15. The method of video data editing according to claim 14, wherein
the trimming and dropping steps are implemented further based on
production duration for said video signal.
16. The method of video data editing according to claim 13, wherein
the analyzing step further comprises extracting a soundtrack signal
from said video signal to generate a soundtrack descriptor for the
sifting step.
17. The method of video data editing according to claim 16, wherein
the sifting step comprises: determining a plurality of
quality-related scores for a portion of said associated descriptors
each that characterizes one said video segment; determining a
duration-related score characterizing each said video segment;
acquiring a segment score for each said associated video segment by
summing said quality-related scores multiplied by a plurality of
content-based weights and said duration-related score multiplied by
a duration-based weight; dropping a portion of said video segments
based on said segment scores; determining a plurality of
descriptive scores for a portion of said associated descriptors
which characterize a portion of said frames and said soundtrack
descriptor; and trimming said portion of said frames within any one
of said video segments based on said descriptive scores.

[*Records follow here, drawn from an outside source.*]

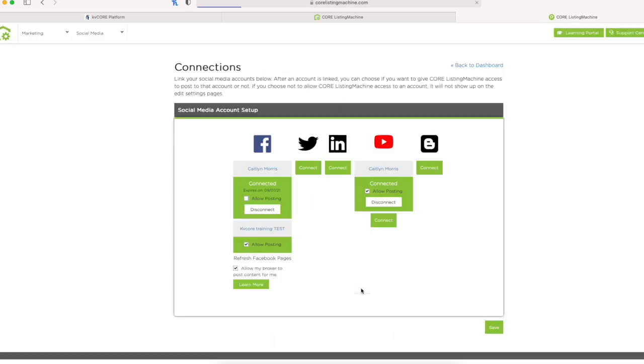For any listings I have, within 48 hours I'll have a listing video created and automatically uploaded to YouTube. This will keep working forever, pretty much until I disconnect it, for any listings I have in the future. One time, set it, forget it. It's all about running your business on autopilot.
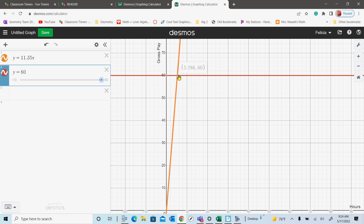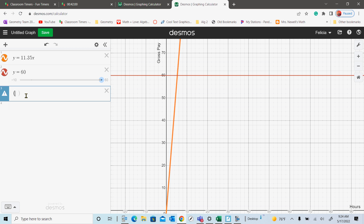Put your cursor and click where the two lines intersect — it should give you a point. Write that point down on your paper because I'm going to show you how to put it on the graph so it stays. Mine is (5.286, 60). If you click where they intersect it shows you that point, so find your point and write it down. Then go to line three and enter the ordered pair of that point — for example, open parentheses, 5.286, comma, 60, close parentheses.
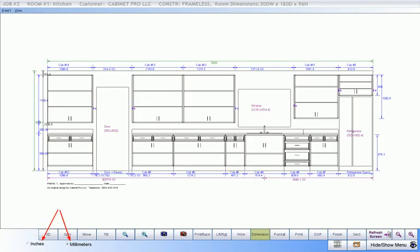The dimensioned elevations in either inches or millimeters make it very clear as to what cabinets go where and how they are positioned in the job.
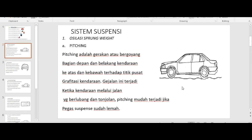Yang pertama, kita membahas osilasi unsprung weight. Jenis yang pertama adalah pitching. Pitching adalah gerakan atau bergoyang bagian depan dan belakang kendaraan ke atas dan ke bawah terhadap titik pusat gravitasi kendaraan. Gejala pitching ini terjadi ketika kendaraan melaju pada jalan yang berlubang dan bertonjolan. Bisa juga terjadi pitching karena adanya pegas suspensi yang lemah.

18. A storage device, storing a plurality of programs readable by a
media process device, wherein the media process device according to
said programs executes the steps comprising: receiving video data
and a plurality of associated video descriptors, which describe
characteristic of said video data; determining a plurality of
descriptive scores for said associated video descriptors, wherein
at least one of said descriptive scores is corresponding to one of
said associated video descriptors; and adjusting said video data
based on at least one of said descriptive scores to construct a
video production.
19. A storage device, storing a plurality of programs readable by a
media process device, wherein the media process device according to
said programs executes the steps comprising: receiving a video
signal; analyzing said video signal to generate a plurality of
video segments and a plurality of associated descriptors, which
describe characteristic of said video signal, wherein each said
video segment consists of a plurality of frames; determining a
plurality of descriptive scores for a portion of said associated
descriptors, which characterize said frames; trimming said portion
of said frames within any one of said video segments based on said
descriptive scores and acquiring a trimmed segment duration for one
said trimmed video segment; determining a plurality of
quality-related scores for a portion of said associated
descriptors, which characterize each said video segment;
determining a duration-related score characterizing one of said
trimmed segment duration and one said video segment; acquiring a
segment score for each said associated video segment by summing
said quality-related scores multiplied by a plurality of
content-based weights and said duration-related score multiplied by
a duration-based weight; and dropping a portion of said video
segments based on said segment scores.
20. A storage device, storing a plurality of programs readable by a
media process device, wherein the media process device according to
said programs executes the steps comprising: receiving a video
signal; analyzing said video signal to generate a plurality of
video segments and a plurality of associated descriptors, which
describe characteristic of said video signal, wherein each said
video segment consists of a plurality of frames; determining a
plurality of quality-related scores for a portion of said
associated descriptors each that characterizes one said video
segment; determining a duration-related score characterizing each
said video segment; acquiring a segment score for each said
associated video segment by summing said quality-related scores
multiplied by a plurality of content-based weights and said
duration-related score multiplied by a duration-based weight;
dropping a portion of said video segments based on said segment
scores and a production duration for a video product; determining a
plurality of descriptive scores for a portion of said associated
descriptors which characterize said frames; and trimming said
portion of said frames within any one of said video segments based
on said descriptive scores and said production duration for said
video product.
Description
FIELD OF THE INVENTION
[0001] The invention relates generally to computer generation of
video production. In particular, the invention relates to automatic
editing of video production.
BACKGROUND OF THE INVENTION
[0002] With the increasing use of video and storage of events and
communication via video, video users and managers are confronted
with additional tasks of storing, accessing, determining important
scenes or frames, and summarizing videos in the most efficient
manner.
[0003] In general, techniques exist to automatically segment video
into component shots of a video or motion image, typically by
finding the large frame differences that correspond to cuts, or
shot boundaries. In many applications it is desirable to
automatically create a summary or "skim" of an existing video,
motion picture, or broadcast. This can be cone by selectively
discarding or de-emphasizing redundant information in the video.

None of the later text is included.